__Study material__.
+--

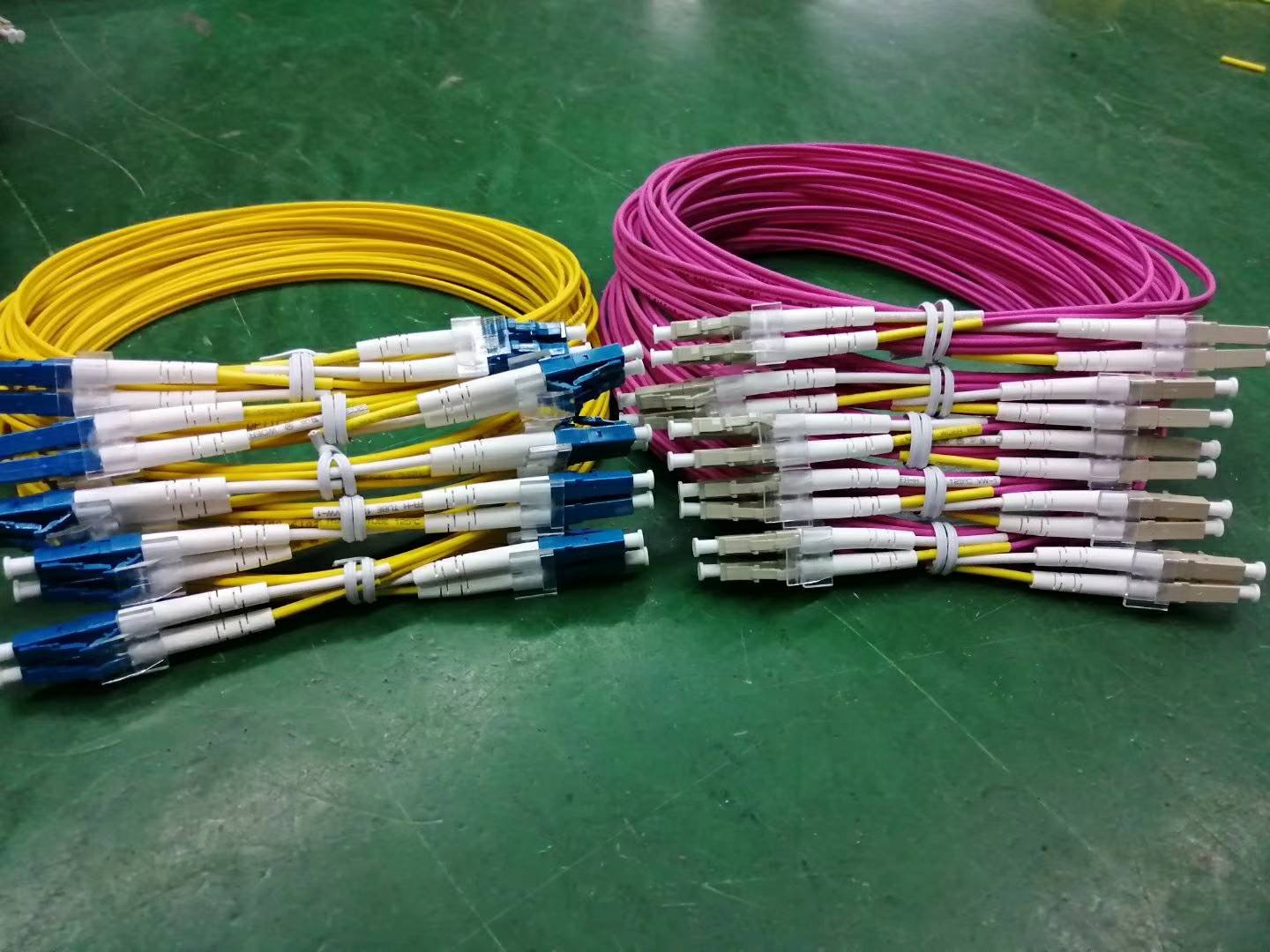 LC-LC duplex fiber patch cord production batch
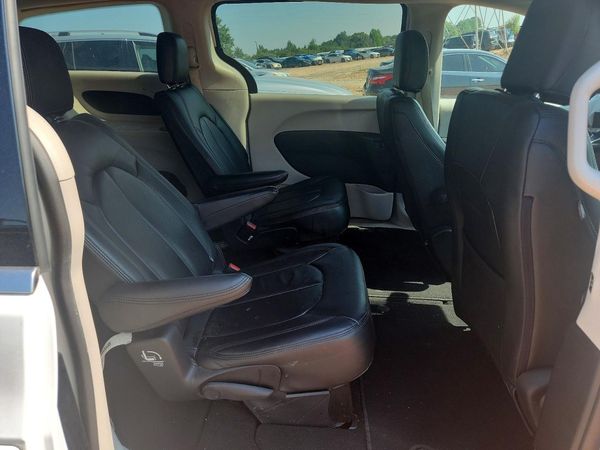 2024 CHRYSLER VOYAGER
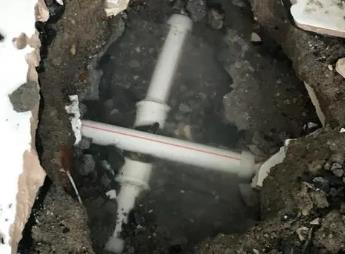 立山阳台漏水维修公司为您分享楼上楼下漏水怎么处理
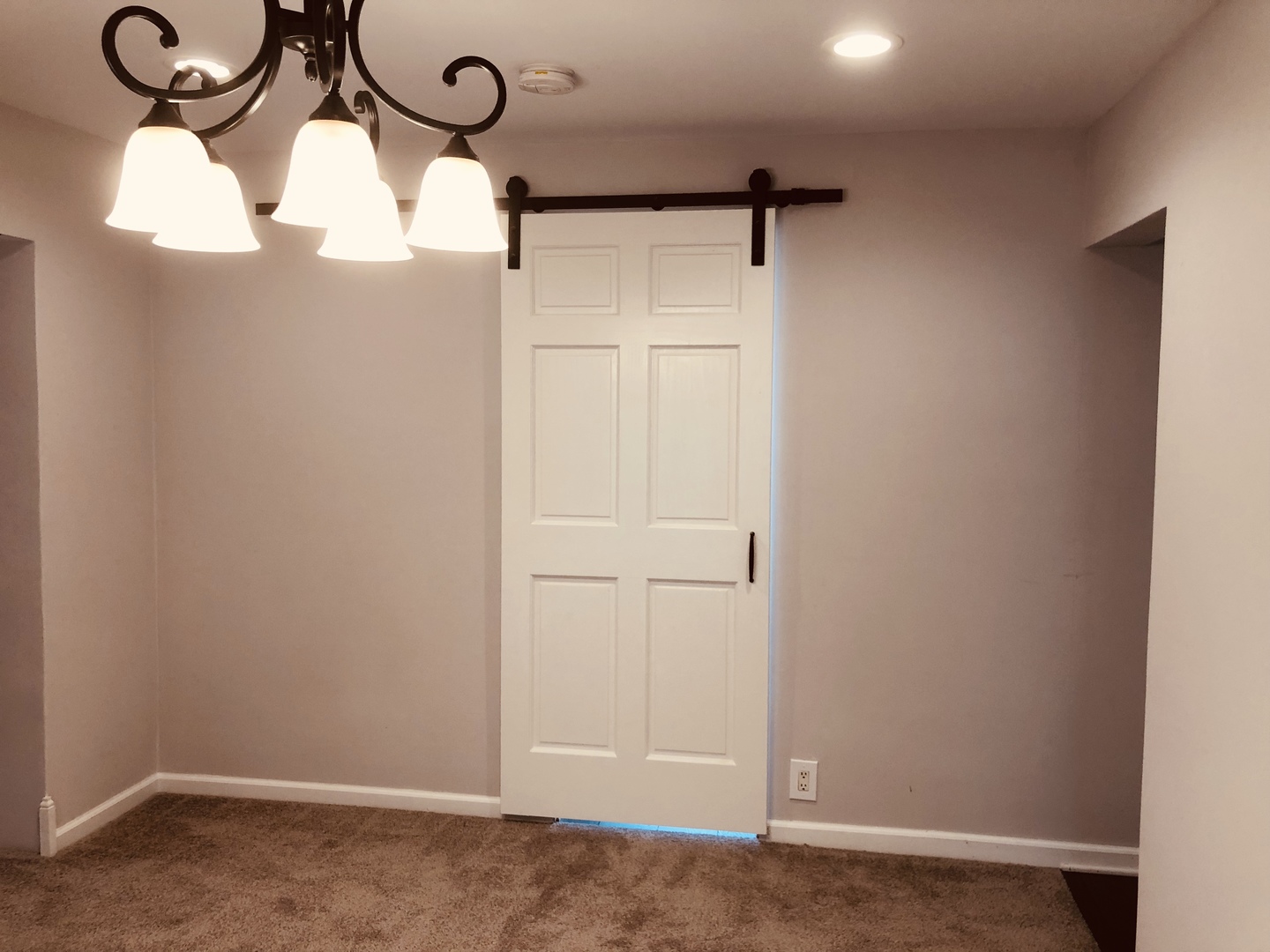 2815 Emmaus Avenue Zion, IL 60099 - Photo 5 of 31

+--

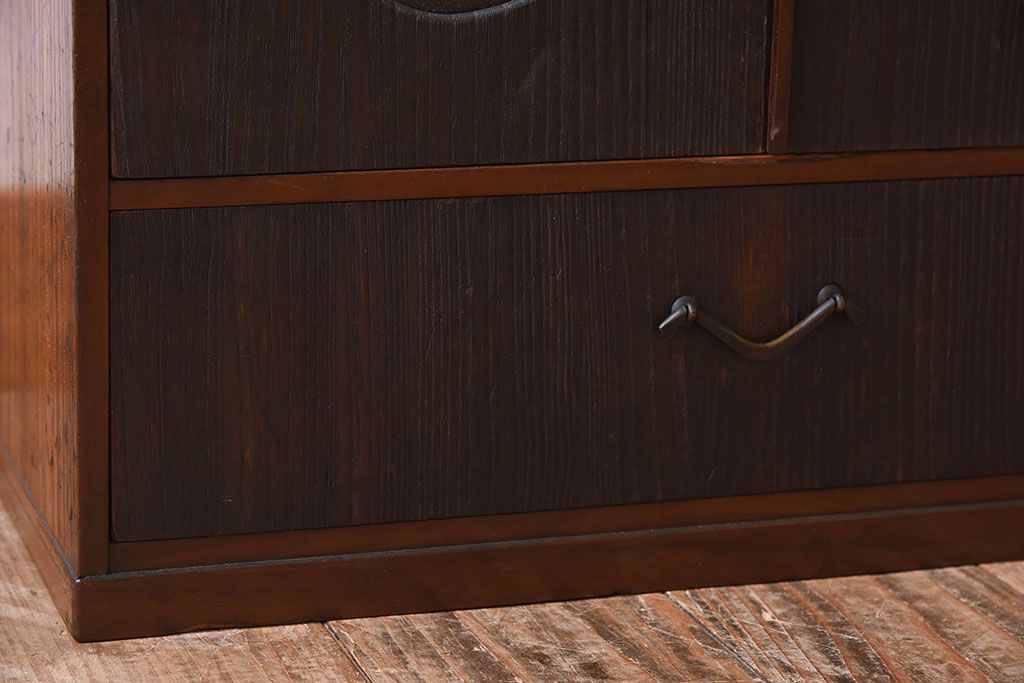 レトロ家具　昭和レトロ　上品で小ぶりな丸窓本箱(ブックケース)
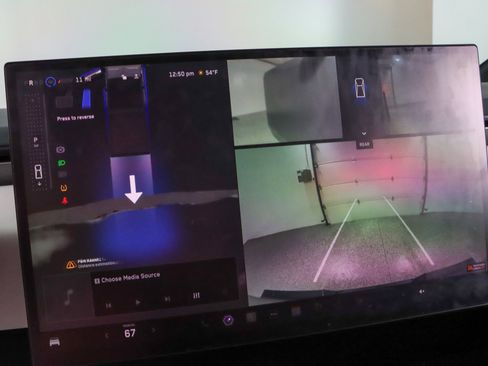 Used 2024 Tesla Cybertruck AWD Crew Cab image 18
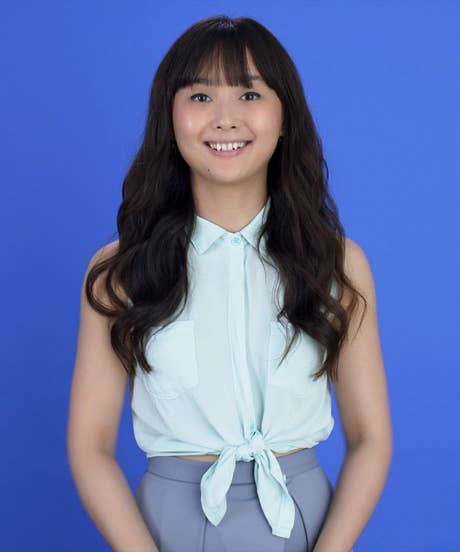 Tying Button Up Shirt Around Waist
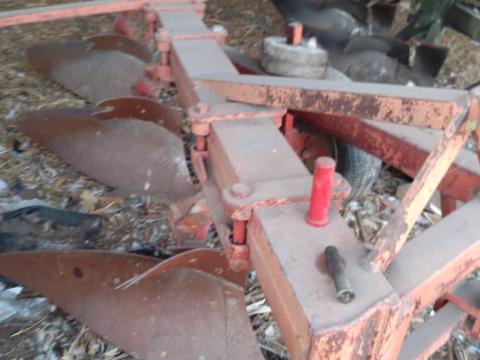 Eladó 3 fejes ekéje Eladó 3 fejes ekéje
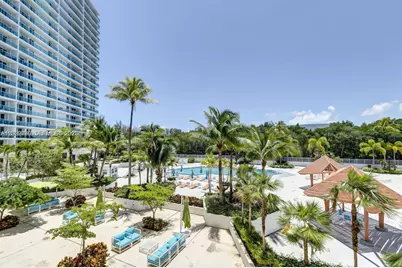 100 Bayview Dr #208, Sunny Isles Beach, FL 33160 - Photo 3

+--

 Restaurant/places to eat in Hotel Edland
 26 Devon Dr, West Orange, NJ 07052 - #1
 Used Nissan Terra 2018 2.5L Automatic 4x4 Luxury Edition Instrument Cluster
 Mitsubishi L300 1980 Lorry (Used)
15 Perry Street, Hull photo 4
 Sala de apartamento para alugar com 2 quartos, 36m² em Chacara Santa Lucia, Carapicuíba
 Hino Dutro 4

+--

Reprint exactly the lines above that start at the one with "Used Nissan Terra" and end at the one with "Hino Dutro 4", keeping both and adding none.

 Used Nissan Terra 2018 2.5L Automatic 4x4 Luxury Edition Instrument Cluster
 Mitsubishi L300 1980 Lorry (Used)
15 Perry Street, Hull photo 4
 Sala de apartamento para alugar com 2 quartos, 36m² em Chacara Santa Lucia, Carapicuíba
 Hino Dutro 4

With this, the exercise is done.